The Narrows(47)



“Hey, Ben. Haven’t seen you in a while,” Alvin Toops said, sliding down to Ben’s end of the bar. Toops was a big truck of a guy, with tattoos up and down his arms and a shaved head. A gold hoop hung from each earlobe. “Get you a beer?”

“I’m on the clock. Make it a cranberry and club soda. You still got those minicheeseburgers?”

“Sure do.”

“I’ll have some of those, too.”

Alvin Toops punched Ben’s order onto an LCD screen behind the bar. Then he dumped some cranberry juice into a highball glass, squirted some seltzer into it, and slid it in front of Ben. “How’d the old homestead hold up in the storm?” Toops asked.

“Got some flooding in the cellar,” Ben said, “but otherwise, all is good.”

“Good for you. I didn’t get no flooding up at the house, or here either, for that matter. The power knocking out cost me a small fortune in supplies I had to dump, and Trish chewed my ear off about it, like it was my fault. Like I did some kind of rain dance or something.”

“They’re calling for another storm by the end of the week,” Ben informed him, sipping his cran and soda.

“I heard. I need to get some fuel for the generator for this place. I can’t afford to lose another shipment.”

When the minicheeseburgers arrived, Ben shook copious amounts of ketchup on them then ate them slowly and methodically, like a cow chewing cud. When Ben drained his glass, Alvin Toops appeared to refill it.

“Thanks,” Ben said. “Can I ask you a question? It’s a police question.”

Toops laughed. “Shoot. Am I in trouble?”

“Just a witness,” Ben said, then added, “maybe.”

“Go for it.”

“Did you see Maggie Quedentock in here Friday night?”

“Sure did.” Toops pointed toward the far end of the bar. “Sat right over there.”

“Was she alone?”

“She came in alone,” Toops said, his brows knitted in recollection, “but she talked to a few people throughout the night.”

“About what time did she get here?”

“Maybe seven.”

“And what time did she leave?”

“Not sure. Maybe eight or so.”

“So she didn’t stay very long,” Ben said around a mouthful of cheeseburger.

“Nope.”

“How much did she have to drink?”

“I’m really not sure, Ben. I could pull the receipts and have a look for you.”

“Could you? Is that too much trouble?”

“It’s either that or cater to these deadbeats all night.”

“Hey,” growled one of the deadbeats within earshot.

“If you don’t mind,” Ben said.

“No sweat.” Alvin Toops swiped a dish towel across the top of the bar. “Mrs. Quedentock in some kind of trouble?”

“Just a little fender-bender Friday night,” he said. “Nobody got hurt, except maybe her pride.” He hoped he sounded somewhat disinterested about the whole matter.

“I’ll get right on it,” Toops said, slinging the dish towel over one shoulder and moving toward the bar’s back room.

When he returned with a single receipt, Ben was just finishing up his meal. He downed the rest of his cranberry and soda, dabbed the corners of his mouth with a paper napkin, then took the receipt Alvin Toops handed him.

“It took me a while to find it,” Toops said. “I was searching for her name but I’d forgot that Tom Schuler picked up her tab.”

“Oh yeah?” The receipt showed just two beers: a Heineken and a Budweiser.

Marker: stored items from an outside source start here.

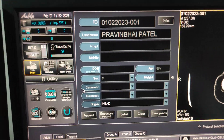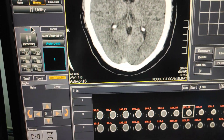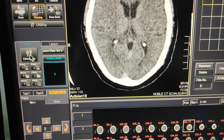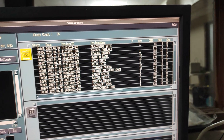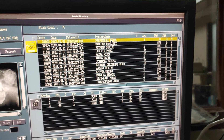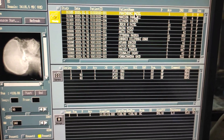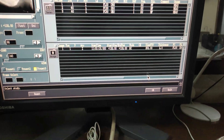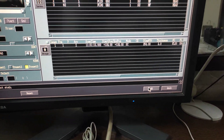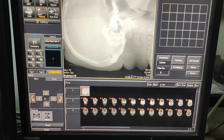For filming, first you have to click on the filming icon, select the directory, and open the patient list. Whatever film you have to do — here I am doing brain filming first. The data is now open.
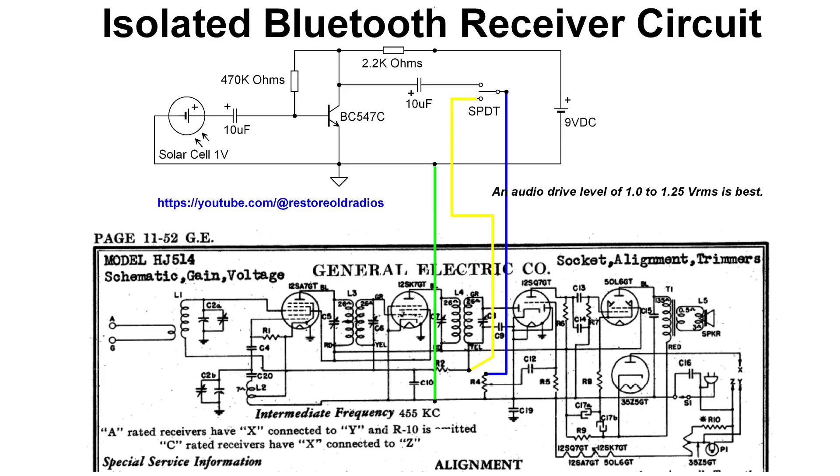so just a simple modification, adding an NPN transistor, a little amplification before doing the switching solved that issue.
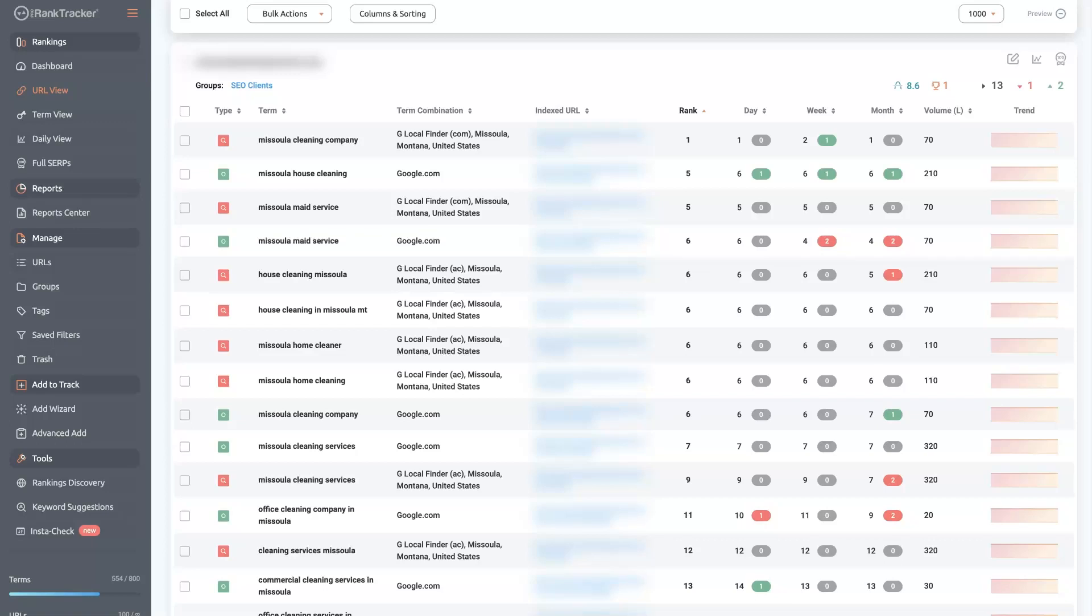If you're looking for a local rank tracker that can help you track your online presence, specifically the SEO side of things, then there's this tool called Pro Rank Tracker that I've been using for seven, eight years now.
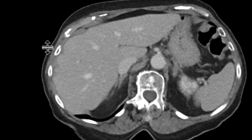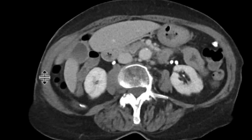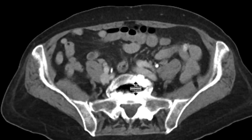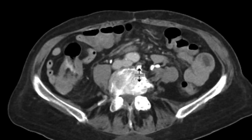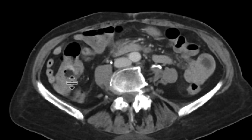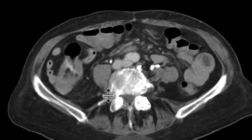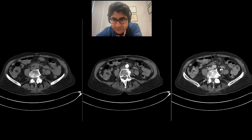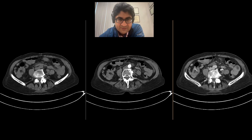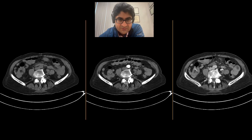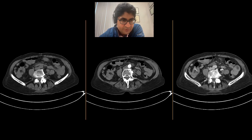And we'll go to our delayed phase. Going back to that ileocecal region, you can actually see there's the fatty valve there. There's some high density adjacent to it, going inside the bowel lumen. Here's that high density there adjacent to the ileocecal valve — and looking back, no high density was present on the non-contrast images.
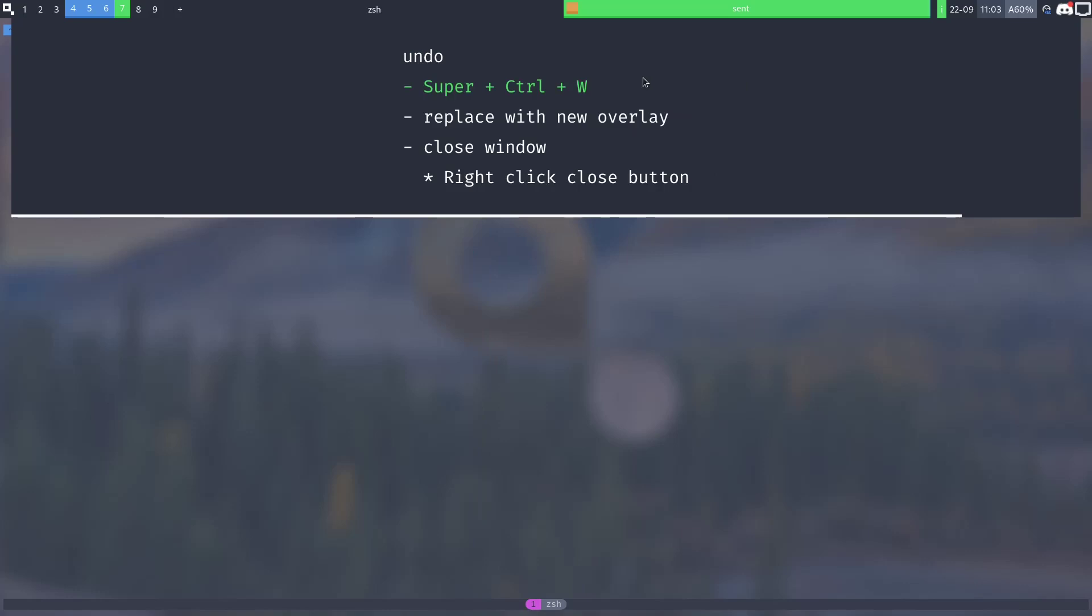You can also close the window by right clicking on it and then clicking the close button which I'm not going to do because this is my presentation.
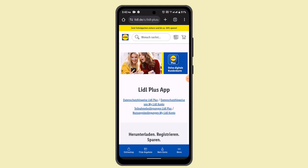Whenever you scan your digital Lidl Plus card during the checkout process, you will receive a digital scratch and win on your app. The Lidl scratch and win gives you an extra coupon with each purchase. As soon as you've received it, you need to scratch and win — the coupon will be displayed on the home screen of the app.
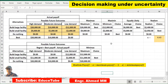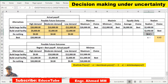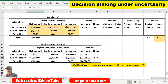I have brought the payoff table into Excel. All the values from the payoff table are copied here, along with the alternatives — build large facility, small facility, and do nothing — and the states of nature: high demand, moderate demand, and low demand. Let me show you how to calculate that.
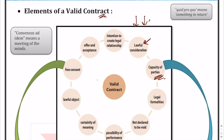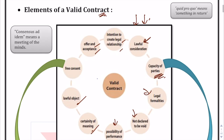Other elements of a valid contract: the consideration must be lawful — no smuggling or murder contracts. A legal relationship must be created. The objective must be lawful, terms must be certain, performance must be possible, the contract must not already be declared void by law, and all legal formalities must be fulfilled.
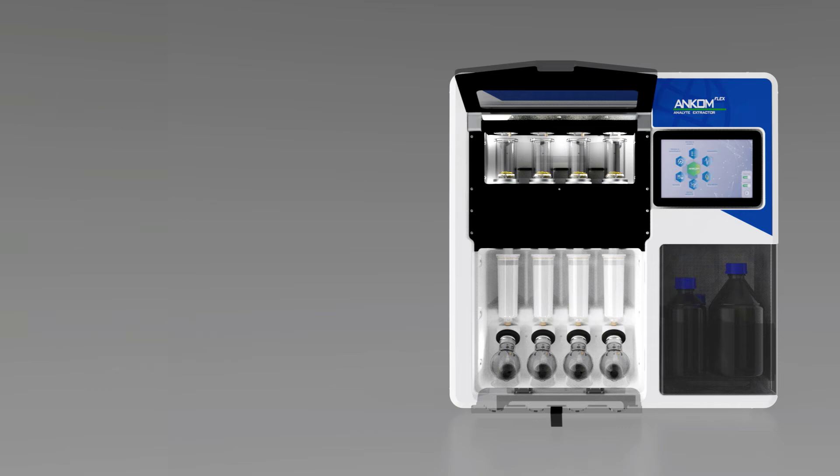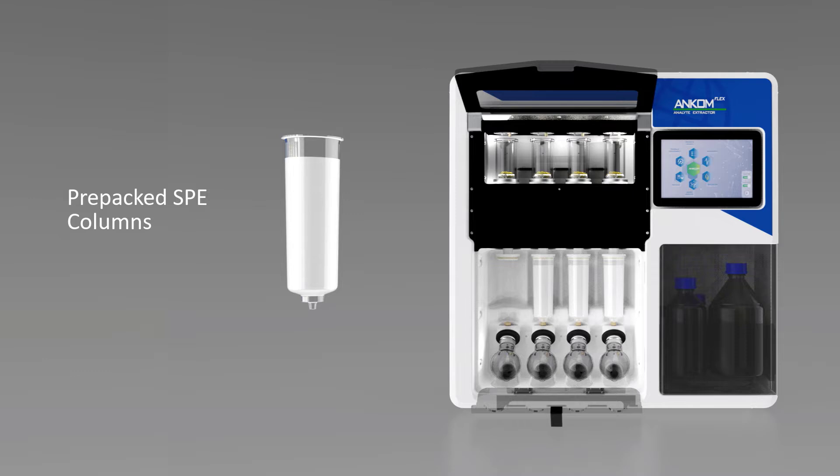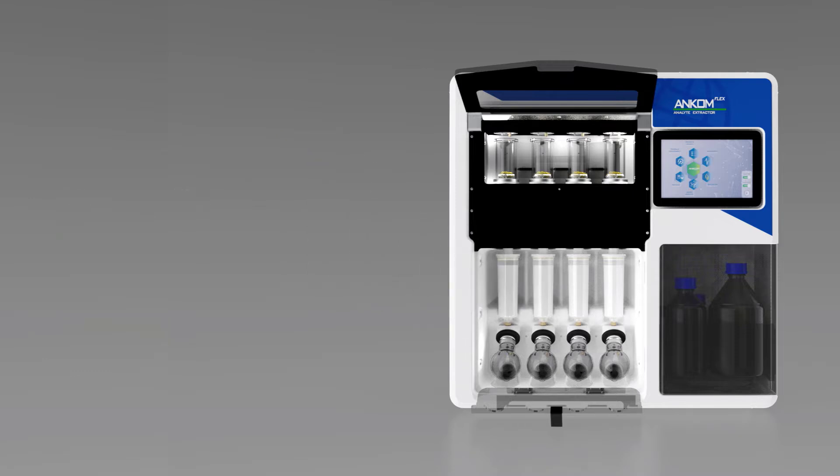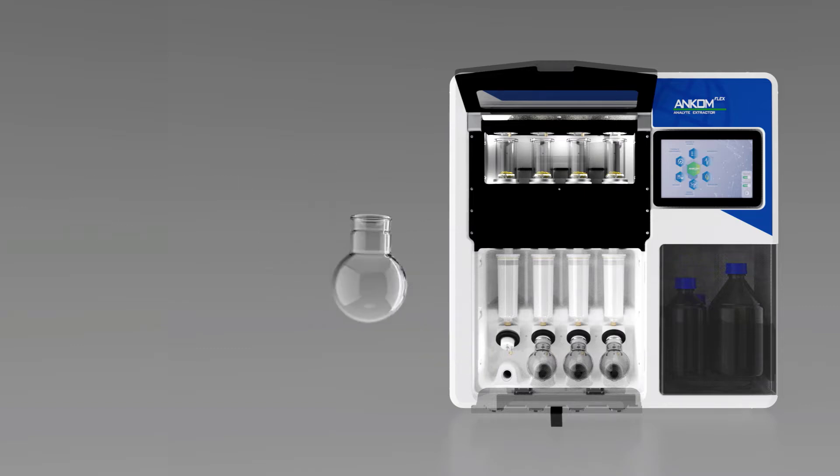This setup includes the installation of pre-packed SPE columns to support the extraction step. Specially designed glass globes eliminate the need for separate roto-evaporators.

She hadn’t drunk much at all, assuming one of those beers was Tom’s. The time on the receipt read 8:12 p.m.

“I can make you a copy of it, if you want,” Toops offered.

Ben handed him the receipt back. “That’s okay. Just curious, I guess. No need to make a federal case.”

“Roger that,” Toops said, examining the receipt himself now, as if able to divine something from it. He stuffed it into the breast pocket of his shirt just as Ben tossed his balled-up napkin onto his plate.



4



Later, Ben arrived at the station to find things quiet. Shirley was in the dispatch office, feeding her goldfish and playing her iPod through a set of small plastic speakers on her desk. Without checking the roster, he knew Platt and Haggis had the evening shift, though he was willing to cut one of them loose since they’d gotten up early that morning to assist with the search for Matthew Crawly. Let them bang it out between the two of them which one should get to go home.

“Joe and Mel around?” he asked Shirley, leaning in the doorway.

“They’re out at Ted Minsky’s farm on a call.” She set the jar of fish food down beside the fish tank then turned around in her swivel chair. She wore a pair of bifocals halfway down her nose. “Another call about mutilated livestock.”

“Oh you’ve got to be kidding me.”

“They just left, if you wanted to catch them.”

Ben rubbed his tired eyes.

“What time did you get up this morning?”

“I don’t know. Four thirty, maybe.”

“You’re really worried about Wendy’s kid. You think something bad happened to him.”